# What to produce:
What you return should match the listing exactly, minus its images.

# Information shown:
=== Section Start ===

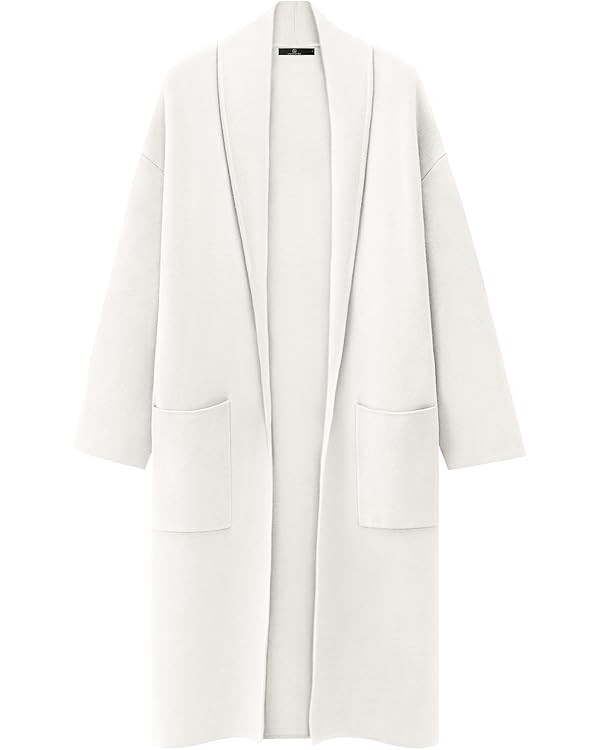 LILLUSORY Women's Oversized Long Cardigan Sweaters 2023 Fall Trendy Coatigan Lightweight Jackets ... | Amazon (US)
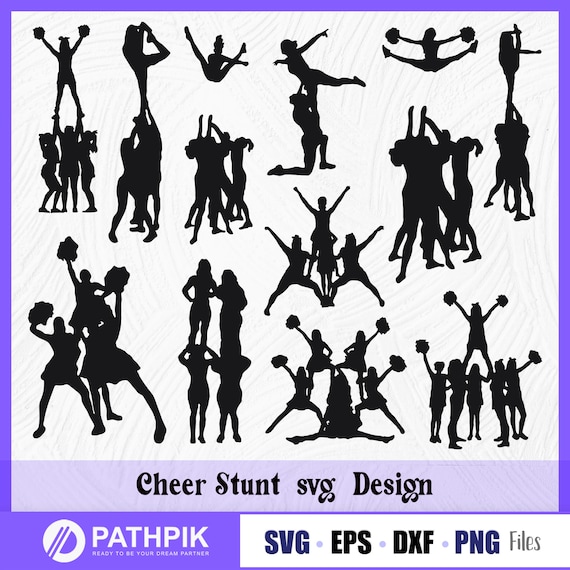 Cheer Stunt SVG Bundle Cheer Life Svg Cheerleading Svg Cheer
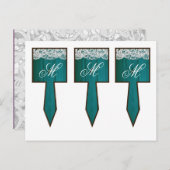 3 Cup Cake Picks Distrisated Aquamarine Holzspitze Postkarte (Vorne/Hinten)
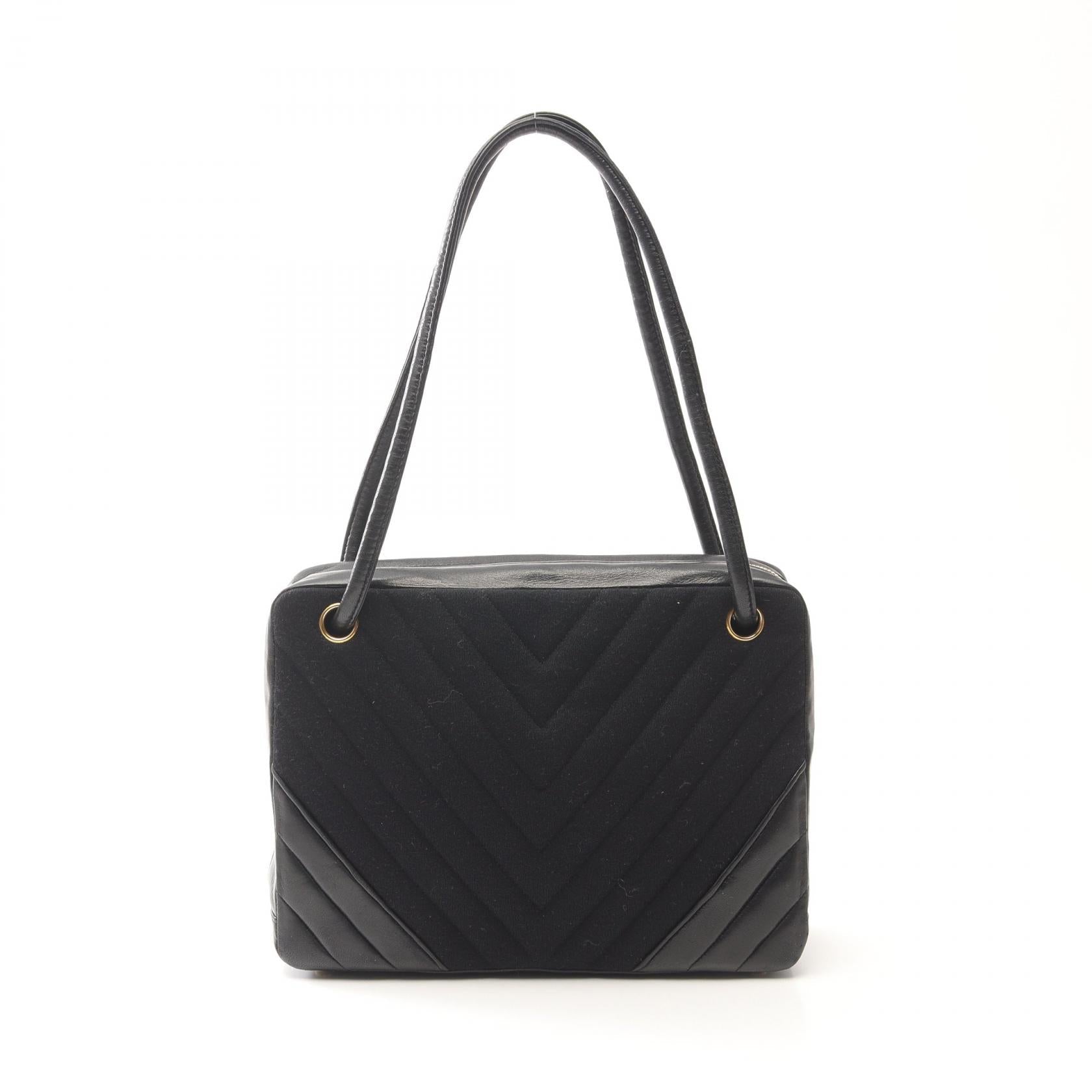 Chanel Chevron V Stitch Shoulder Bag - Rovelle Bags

=== Section End ===

# The completed task:
 LILLUSORY Women's Oversized Long Cardigan Sweaters 2023 Fall Trendy Coatigan Lightweight Jackets ... | Amazon (US)
 Cheer Stunt SVG Bundle Cheer Life Svg Cheerleading Svg Cheer
 3 Cup Cake Picks Distrisated Aquamarine Holzspitze Postkarte (Vorne/Hinten)
 Chanel Chevron V Stitch Shoulder Bag - Rovelle Bags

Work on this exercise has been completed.